NAA were commissioned by Archaeo-Environment Ltd to undertake an archaeological survey of North Dock Seaham as part of a Conservation Management Plan in advance of the regeneration of the historic 18th century Georgian harbour. Built as part of the original coal port in 1828, the North Dock had once formed the economic and social heart of the community but following the opening of the adjacent Seaham port facility and the closure of the surrounding collieries, it had sadly slipped into decline, finally being fenced off and closed to public access in the 1980s.

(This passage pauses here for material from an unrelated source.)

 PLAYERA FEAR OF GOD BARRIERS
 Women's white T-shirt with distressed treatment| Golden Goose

Despite falling into disrepair, much of North Dock's historic structure has survived relatively unaltered. The expansion of the neighbouring South Dock in the late 19th century saw an end to any development of the smaller North Dock, a factor which had contributed to the exceptional preservation of the late Georgian, early Victorian coal port. Such a relatively intact harbour is now quite rare in England, and its association with a newly built 'planned' town of Seaham made it of particular significance. A number of other prominent engineers and architects of the period were also closely associated with the Dock, most notably John Rennie and John Dobson, the architect associated with Newcastle's Grainger Town

Working as part of a multi-disciplined team NAA recorded, photographed and assessed the condition of the various dock structures, building up a comprehensive site inventory and accompanying GIS. This included standing structures such as the lighthouse, lifeboat house, cookhouse and harbour walls as well as fixtures and fittings including: winches, railings, crane bases, lime kilns, staithes, boat ties, bollards and rail track. In some cases, such as railings and boat ties, various typologies were identified which varied across the site; these variations reflecting key phases of dock development.

Information from the survey was fed into the final CMP, contributing to a detailed analysis of the significance of the site and the formation of a series of practical policies and management pathways to guide future development at the dock. This helped secure a 2.5 million HLF grant supporting the regeneration of the dock which today incorporates a new marina with mooring for 80 vessels.